I opted for option 2: I downloaded the latest Centos cloud image and uploaded it to a local web server accessible from our disconnected cluster.

Customization VM

You need to set a name, choose a flavour, … All the things you would expect.

We don’t touch the default values for most options. Automatically a cloud-config is applied that sets a random password for the ‘centos’ user. You can also configure your authorized_keys.

The default networking in KubeVirt is regular pod network. The cool thing is you can use k8s services and ingress just like with any other pod. But for real stuff you probably want to attach to another interface of your nodes and maybe access a tagged vlan. Let’s try this out later.

If you don’t specify a StorageClass, the default will be taken. In our case that is Ceph Block Storage. The cloud image will be automatically copied to a new volume by KubeVirt when you apply your VirtualMachine resource.

Missing ConfigMap

This seems to be a bug that you might hit too: the disk provisioning pod failed to come up. Logs showed this:

Warning  FailedMount             7s (x7 over 38s)  kubelet                  MountVolume.SetUp failed for volume "cdi-proxy-cert-vol" : configmap "ca-config-httproxy" not found

This ConfigMap can be found in the ‘openshift-config’ namespace. So use this little trick if you want to start VMs in another namespace:

oc get cm -n openshift-config ca-config-httproxy -o yaml | oc neat | sed '/namespace/d' | oc apply -f-

neat is a kubectl/oc plugin that removes most ‘k8s internal’ annotations and similar fields.

Access VM

The disk import takes a very long time. Not sure why. Web server logs shows zillions of lines like this:

x.x.x.x - - [12/Jun/2022:17:00:42 +0000] "GET /CentOS-Stream-GenericCloud-9-20220509.0.x86_64.qcow2 HTTP/1.1" 206 17983 "-" "-"
x.x.x.x - - [12/Jun/2022:17:00:42 +0000] "GET /CentOS-Stream-GenericCloud-9-20220509.0.x86_64.qcow2 HTTP/1.1" 206 15133 "-" "-"
x.x.x.x - - [12/Jun/2022:17:00:42 +0000] "GET /CentOS-Stream-GenericCloud-9-20220509.0.x86_64.qcow2 HTTP/1.1" 206 19939 "-" "-"
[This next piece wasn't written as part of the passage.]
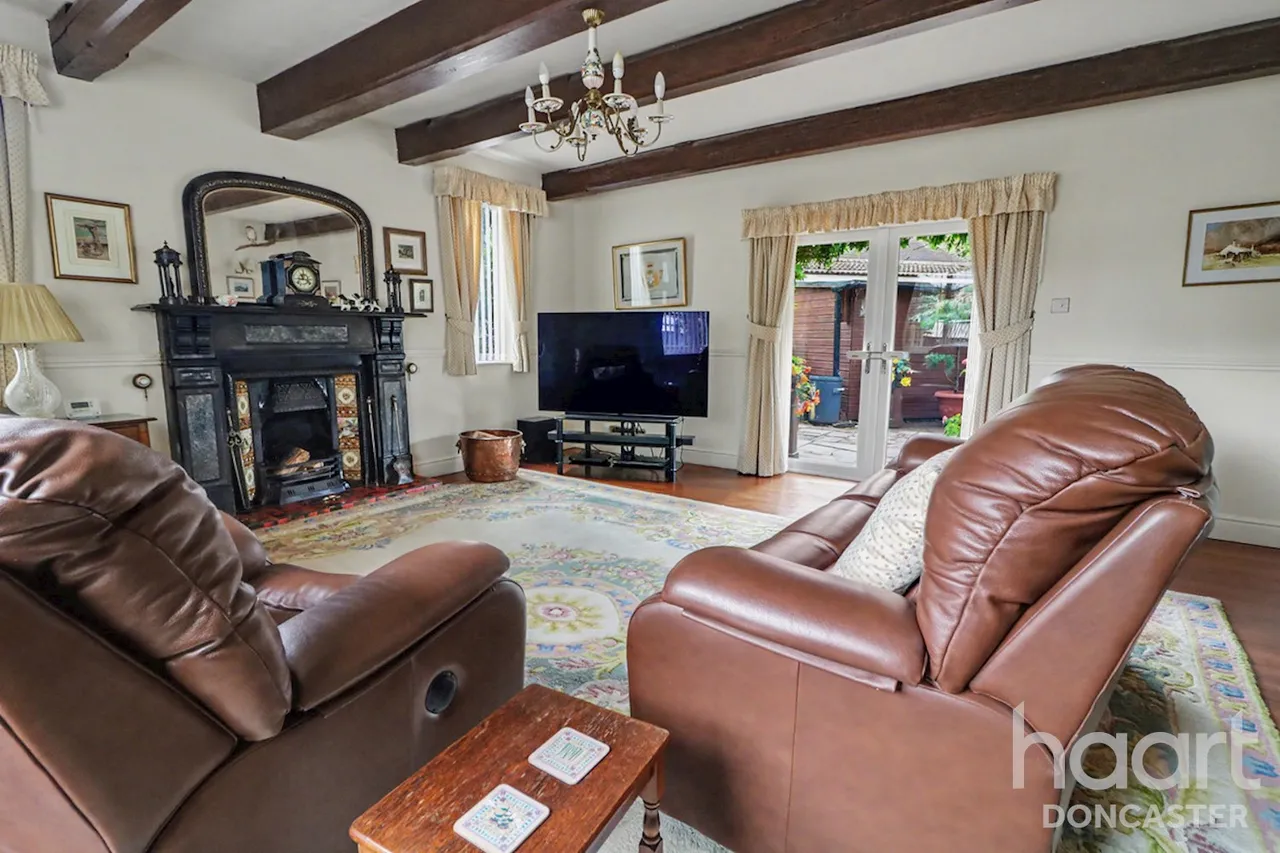 The Drive, Edenthorpe, DN3, photo 8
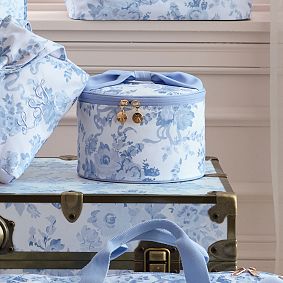 LoveShackFancy Train Case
But in the end the machine is provisioned and boots for the first time.

Again the web console was my first goto:

picture 6

You can create snapshots and live migrate your VM. Looks like a mature VM management platform to me!

Console client

You probably wonder: How do you SSH to that pod.., VM I mean? The easiest option is using the virtctl console client. You can download it from the OKD console or head to the KubeVirt Github page: https://github.com/kubevirt/kubevirt/releases/

Then SSH to your pod using (assuming you are in the project where your VM is running):

virtctl ssh centos@<VM NAME>

Or open a new window allowing you access to your VM console:

virtctl vnc <VM NAME>

I was impressed seeing all that for the first time. How about you?

TODOs

We only did a first test. Here a sneak peak of what will come next in the ‘KubeVirt’ series.

‘Real’ Networking

I first need to connect the servers to some switches and then we can attach our VMs to a dedicated interface allowing access to tagged VLANs.
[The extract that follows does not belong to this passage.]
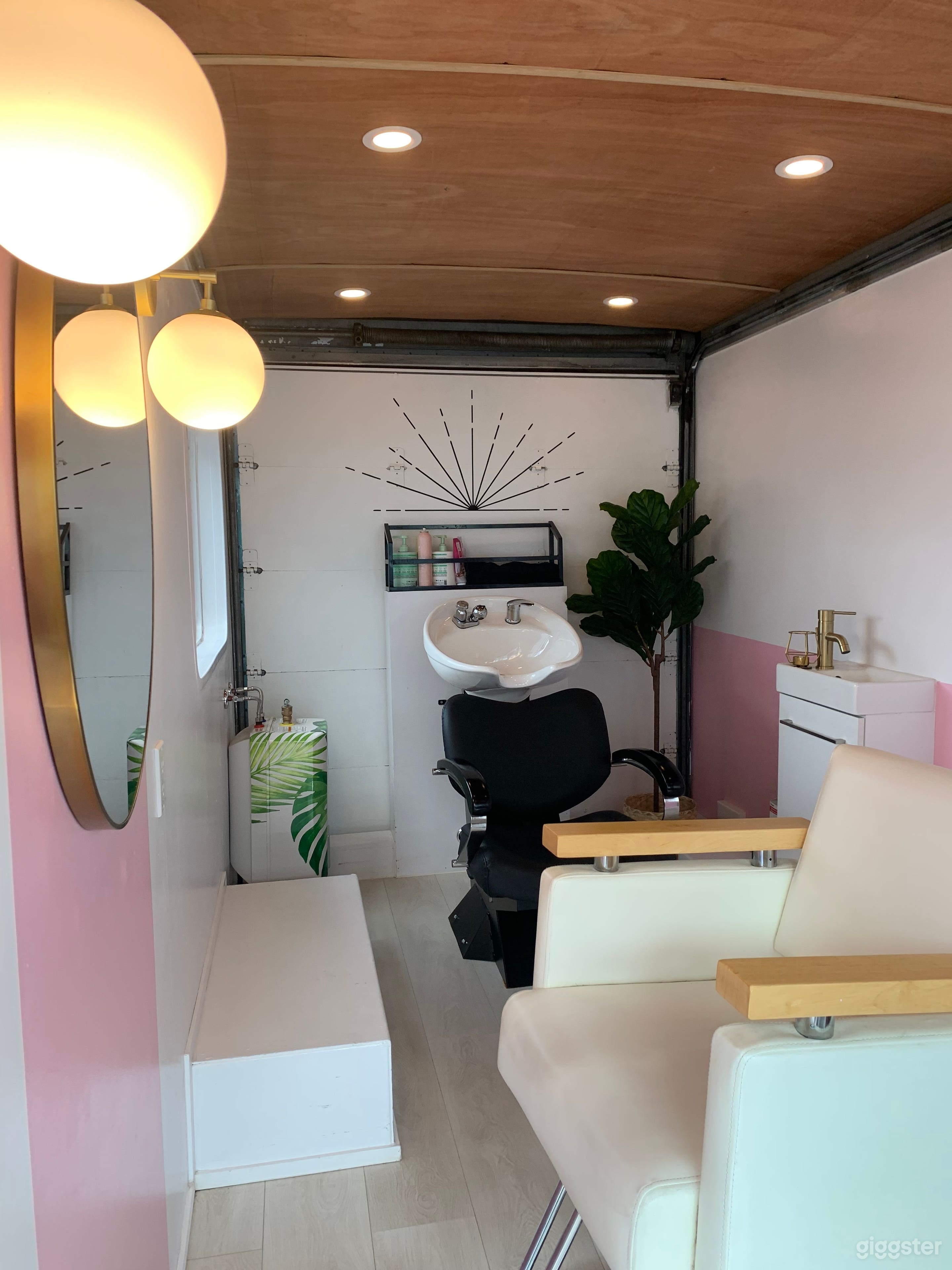 Hair salon on wheels!!  Drop off and pick up available anywhere in the Lower mainland Photo 1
Let’s go nuts: nested virtualizatiion

Technically you can enable nested virtualization on your hosts, enabling you to host virtual machines in virtual machines running in pods in your k8s cluster. Can you follow?
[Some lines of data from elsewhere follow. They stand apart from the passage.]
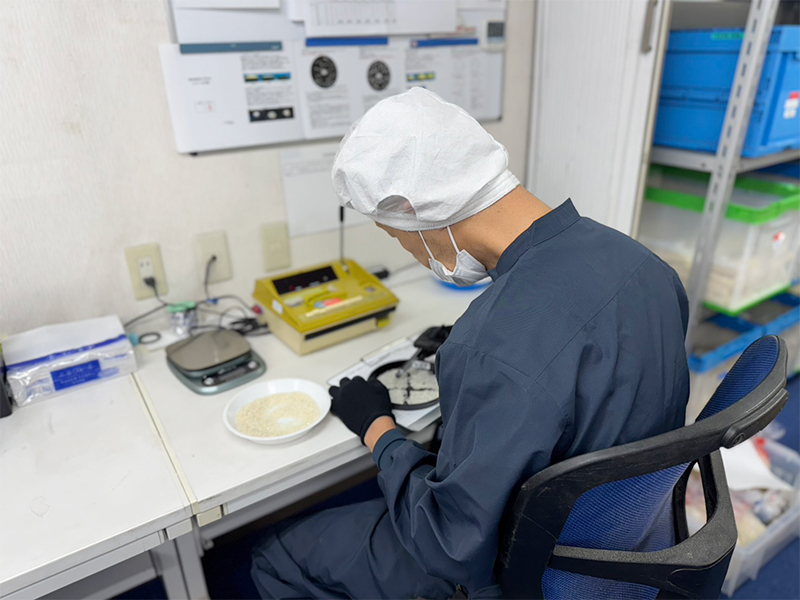 米の確認をする様子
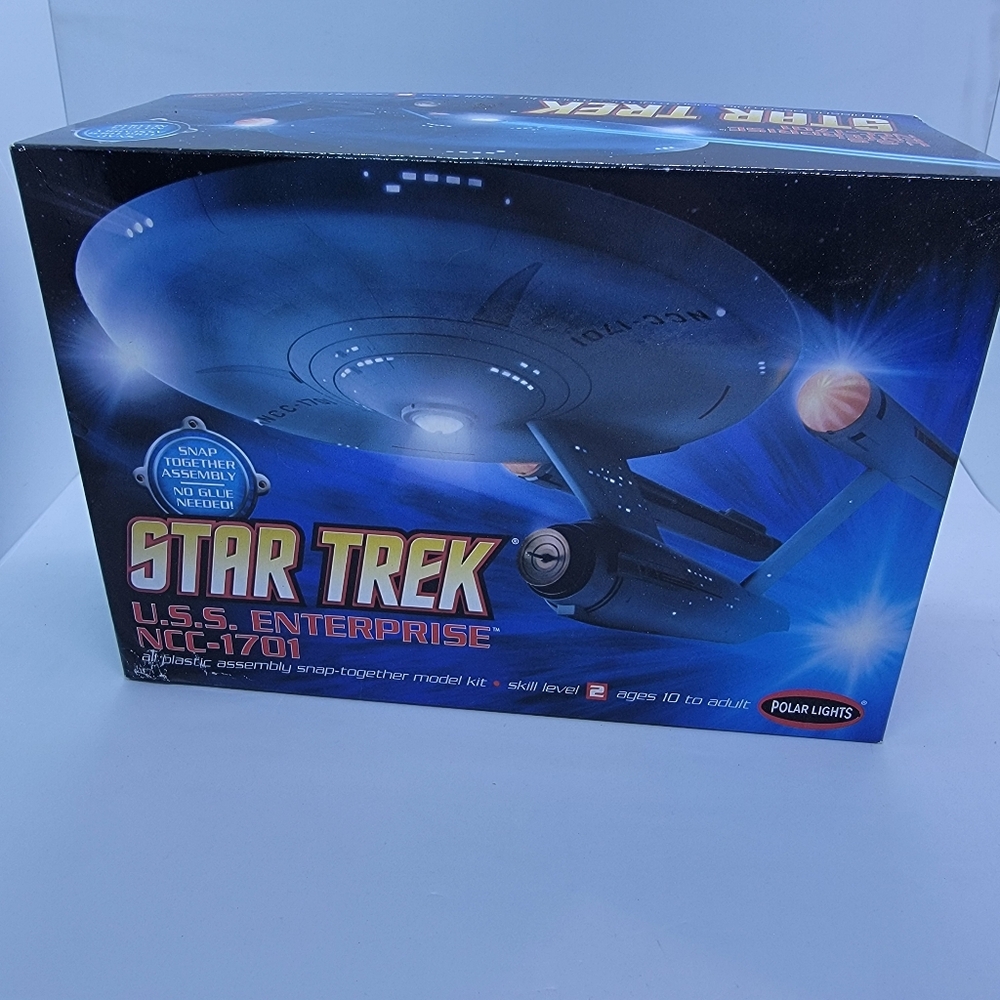 Star Trek USS Enterprise Model Kit - Black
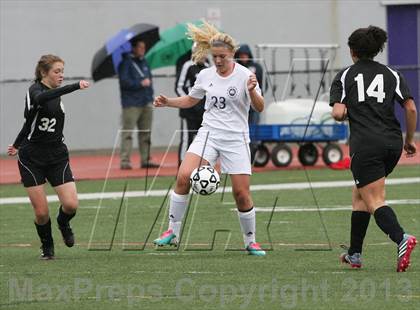 Thumbnail 3 in Serra Catholic vs Shady Side Academy (WPIAL Playoff) photogallery.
There are two different approaches when talking about nested virtualization:

  1. Running KubeVirt in your VM based cluster
  2. Running VMs in KubeVirt VMs

We consider case 2 but for case 1 you can follow the same approach. It might sound far fetched at first but there are always use case where you want nested virtualization. But some other time!